The Mountain Firework Company. The Beggar’s Prayer.

sualb01577274Missing in action for too long, Brighton based The Mountain Firework Company have finally released a follow up to their 2012 release, The Lonesome Losing Blues, and it’s been well worth the wait. This five piece band perform an incredibly listenable brand of bluegrass and Celtic influenced folk music and at various times they can remind the listener of Ronnie Lane, Fairport Convention or even Lindisfarne back in their Fog On The Tyne days. They’re a great unit and live can be quite incendiary as several appearances at Celtic Connections have shown. The Beggar’s Prayer is no great departure from their usual style and finesse as they variously skirl and weave through several up-tempo numbers along with several more introspective pieces which investigate matters of the heart among other topics.
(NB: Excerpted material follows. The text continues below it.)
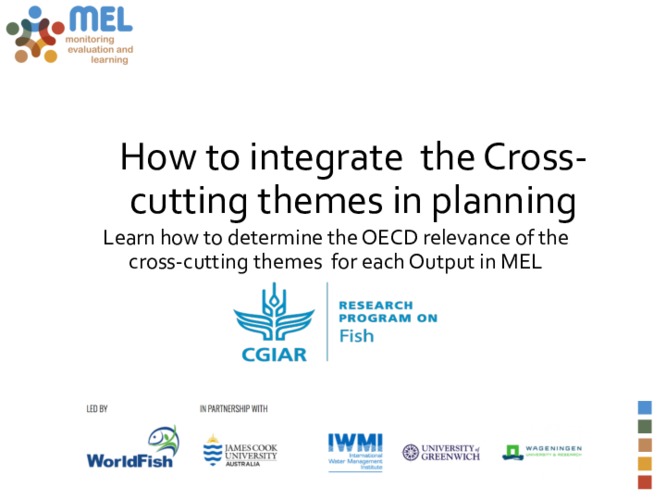 Guideline on how to integrate  the  Cross-cutting themes in planning through MEL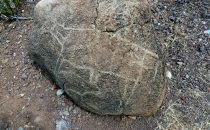 Petroglyphen im "Cañon la Trinidad", Baja California, Mexiko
The band is comprised of front man and writer Gareth McGahan who plays guitar and banjo, along with Grant Allardyce; drums, Brian Powell; guitar, Simon Russell; double bass and autoharp and Mike Simmonds; violin, viola and mandolin. Together they create a fine din belying their acoustic set up while they are also well able to switch tempo mid song adding a fine dynamic sense and swing to the proceedings. McGahan meanwhile has the knack of writing memorable tunes along with catchy choruses with all band members adding their voices while he possesses a fine voice with a soft northern Irish brogue to it. The result on The Beggar’s Prayer is 14 numbers which roll easily from the speakers, some rousing, some more melancholic, but all immediately attractive.

Like A Fire opens the proceedings with a flourish. A whirlwind of fiddle infused folk rock,  it’s a grand start and a guide to several other songs in a similar musical vein such as Refugee, A Long Time Ago, Ready To Run and the epic Hello Stranger. There’s a more down-home raggle taggle element to Come Back and Spare Change, two songs which recall the late Ronnie Lane as does the title song which is more mannered in an old time tea band style. The band’s instrumental prowess is well to the fore on The Gravedigger’s Lament which has a great percussive beat along with gypsy like fiddle and their bluegrass influences are well evident on If Only and How Long. Meanwhile there’s the melancholy of One More Time and Come Back, two songs where McGahan is the abandoned lover. Almost hidden within the track list is a short instrumental, The Fish And The Crow, a tune reflected in the album’s artwork and which allows the band to create, albeit briefly, a wonderfully sad and reflective moment.

Like an old friend appearing at your door after an absence, The Mountain Firework Company are back and you should invite them in.